Many breweries are beginning to implement PLC (programmable logical controller) devices. These devices are being implemented into the brewing cycle to simplify and automate processes and lower the cost of production. These processes may include grain milling, mash tun, hop additions, fermentation temperature, canning line, etc. PLCs are the final actuators used but if we take one step back, SCADAs (supervisory control and data acquisition) and RTUs (remote terminal units) are the devices that interact with the PLCs. SCADAs transmit the telemetry data (heat, weight, flow, pressure) back to the RTUs that communicate with PLCs and tell them what to do.
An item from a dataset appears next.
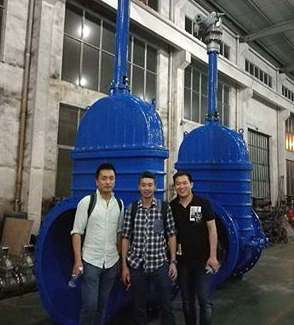 Our client comes factory to check gate valve, today is the shippment date.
Local craft breweries range in size from 7-barrel (bbl) fermenters all the way up to 300 bbl. Milling of the grain should just crack the husk to allow for the most sugar to be gathered as part of the mashing. If the husks aren’t cracked just right, there won’t have enough sugar produced and there will be a weak beer with a low ABV (alcohol by volume). Hops are added for flavor, aroma, and bitterness and they are added at specific times during the boil. Adding them at the wrong time will alter the flavor, aroma, and bitterness of the beer and it will be an off flavor of beer. Fermentation temperature is crucial in a brewery. Temperature of the fermenter is closely monitored and adjusted by a PLC device. It notices when the temperature is getting too high and adds more glycol to the jacket to lower the temperature. If it’s getting too cool, it reduces the glycol. The breweries that I’ve visited have small networks, and I’ve seen the corporate network on the same segment as the RTUs, PLC, and SDSL (symmetric digital subscriber line) environment. The corporate network usually has access out to the internet.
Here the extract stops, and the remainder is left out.